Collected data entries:
========
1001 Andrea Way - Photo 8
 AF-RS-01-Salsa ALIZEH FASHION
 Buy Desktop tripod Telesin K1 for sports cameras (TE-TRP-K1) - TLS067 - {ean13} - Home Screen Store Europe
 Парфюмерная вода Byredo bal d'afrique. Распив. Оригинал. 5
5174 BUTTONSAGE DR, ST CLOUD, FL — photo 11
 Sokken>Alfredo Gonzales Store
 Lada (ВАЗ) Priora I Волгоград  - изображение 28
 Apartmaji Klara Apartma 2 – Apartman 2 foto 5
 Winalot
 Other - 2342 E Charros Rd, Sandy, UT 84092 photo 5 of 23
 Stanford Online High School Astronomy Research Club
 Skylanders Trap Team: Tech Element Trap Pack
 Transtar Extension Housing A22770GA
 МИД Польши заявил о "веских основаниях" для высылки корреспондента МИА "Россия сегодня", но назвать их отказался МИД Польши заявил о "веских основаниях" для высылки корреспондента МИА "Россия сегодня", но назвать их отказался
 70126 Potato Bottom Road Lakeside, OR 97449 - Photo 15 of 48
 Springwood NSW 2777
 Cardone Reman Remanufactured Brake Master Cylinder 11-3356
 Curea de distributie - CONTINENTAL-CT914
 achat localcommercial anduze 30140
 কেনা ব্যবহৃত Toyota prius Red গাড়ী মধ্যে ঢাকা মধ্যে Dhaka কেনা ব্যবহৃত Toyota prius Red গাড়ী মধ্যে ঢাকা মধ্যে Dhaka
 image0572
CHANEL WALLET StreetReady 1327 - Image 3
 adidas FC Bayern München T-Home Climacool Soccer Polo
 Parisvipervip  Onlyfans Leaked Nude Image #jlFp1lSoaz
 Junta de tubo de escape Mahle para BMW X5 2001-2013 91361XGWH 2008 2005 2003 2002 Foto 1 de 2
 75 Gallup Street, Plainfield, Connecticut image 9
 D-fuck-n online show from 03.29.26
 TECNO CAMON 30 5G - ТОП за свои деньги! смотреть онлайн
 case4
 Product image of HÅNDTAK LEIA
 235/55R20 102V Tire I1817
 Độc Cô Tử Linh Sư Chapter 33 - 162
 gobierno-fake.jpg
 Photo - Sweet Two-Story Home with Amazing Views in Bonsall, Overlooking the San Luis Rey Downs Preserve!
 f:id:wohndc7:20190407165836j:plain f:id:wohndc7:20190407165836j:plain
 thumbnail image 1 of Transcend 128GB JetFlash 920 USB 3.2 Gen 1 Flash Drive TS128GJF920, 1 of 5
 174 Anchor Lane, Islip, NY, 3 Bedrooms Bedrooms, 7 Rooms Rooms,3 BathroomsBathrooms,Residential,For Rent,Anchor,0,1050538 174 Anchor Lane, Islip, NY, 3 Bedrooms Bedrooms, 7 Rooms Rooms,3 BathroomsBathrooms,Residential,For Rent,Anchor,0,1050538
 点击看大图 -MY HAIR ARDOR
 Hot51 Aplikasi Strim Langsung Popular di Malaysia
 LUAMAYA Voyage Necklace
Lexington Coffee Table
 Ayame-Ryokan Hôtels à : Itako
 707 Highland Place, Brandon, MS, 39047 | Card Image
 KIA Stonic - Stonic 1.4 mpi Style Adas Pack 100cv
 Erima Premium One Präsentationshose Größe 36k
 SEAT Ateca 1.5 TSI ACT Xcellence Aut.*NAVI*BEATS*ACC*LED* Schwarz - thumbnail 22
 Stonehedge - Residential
========
### ABOUT THIS TASK
Among the records above, find each line containing the string "Store" and copy it.

### RESULT FOR THIS EXERCISE
 Buy Desktop tripod Telesin K1 for sports cameras (TE-TRP-K1) - TLS067 - {ean13} - Home Screen Store Europe
 Sokken>Alfredo Gonzales Store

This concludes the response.